How do you solve the quadratic equation `5x^2 + 3x = 1` ?

Answer 1

`x_(1,2) = (-5 +- sqrt(13))/10`

Explanation:

The first thing to do here is rearrange your equation to quadratic form by getting all the terms on one side of the equation.

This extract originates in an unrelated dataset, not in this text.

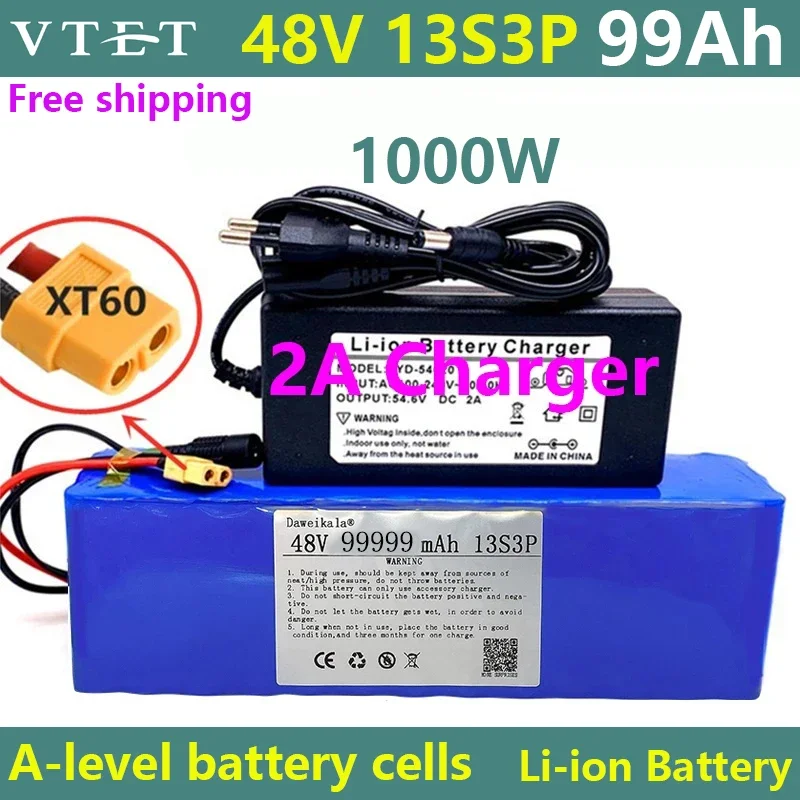 New 13S3P XT60 48V 99999Ah 1000w 48V Lithium Ion Battery Pack 99Ah for 54.6v E-bike Electric Bicycle Scooter with BMS+charger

To do that, subtract `1` from both sides of the equation

`5x^2 + 3x - 1 = color(red)(cancel(color(black)(1))) - color(red)(cancel(color(black)(1)))`

`5x^2 + 3x - 1 = 0`

Now, the quadratic formula allows you to calculate the two solutions of a general form quadratic equation

`color(blue)(ax^2 + bx + c = 0)`

by using the equation

`color(blue)(|bar(ul(color(white)(a/a)x_(1,2) = (- b +- sqrt(b^2 - 4 * a * c))/(2 * a) color(white)(a/a)|)))`

In your case, you have

`{(a = color(white)(-)5), (b = color(white)(-)3), (c = -1) :}`

Plug these values into the quadratic formula to get

`x_(1,2) = (-5 +- sqrt(3^2 - 4 * 1 * (-1)))/(2 * 5)`

`x_(1,2) = (-5 +- sqrt(13))/10 implies {(x_1 = (-5 - sqrt(13))/10), (x_2 = (-5 + sqrt(13))/10) :}`

You can thus say that your original equation has two solutions

`x = (-5 - sqrt(13))/10" "` and `" "x = (-5 + sqrt(13))/10`

graph{5x^2 + 3x - 1 [-3, 3, -3, 3]}

Answer 2

`(-3 +- sqrt29)/10`

Explanation:

Bring the quadratic equation to standard form:
`y = 5x^2 + 3x - 1 = 0`
Use the new quadratic formula in graphic form:
`D = d^2 = b^2 - 4ac = 9 + 20 = 29` --> `d = +- sqrt29`
There are 2 real roots:
`x = -b/(2a) +- d/(2a) = -3/10 +- sqrt29/10 = (-3 +- sqrt29)/10`

NOTE. Using the improved quadratic formula gets simpler expressions and easier numeric computation. In addition, it shows students the graphic representation and interpretation of the axis of symmetry and the 2 x-intercepts.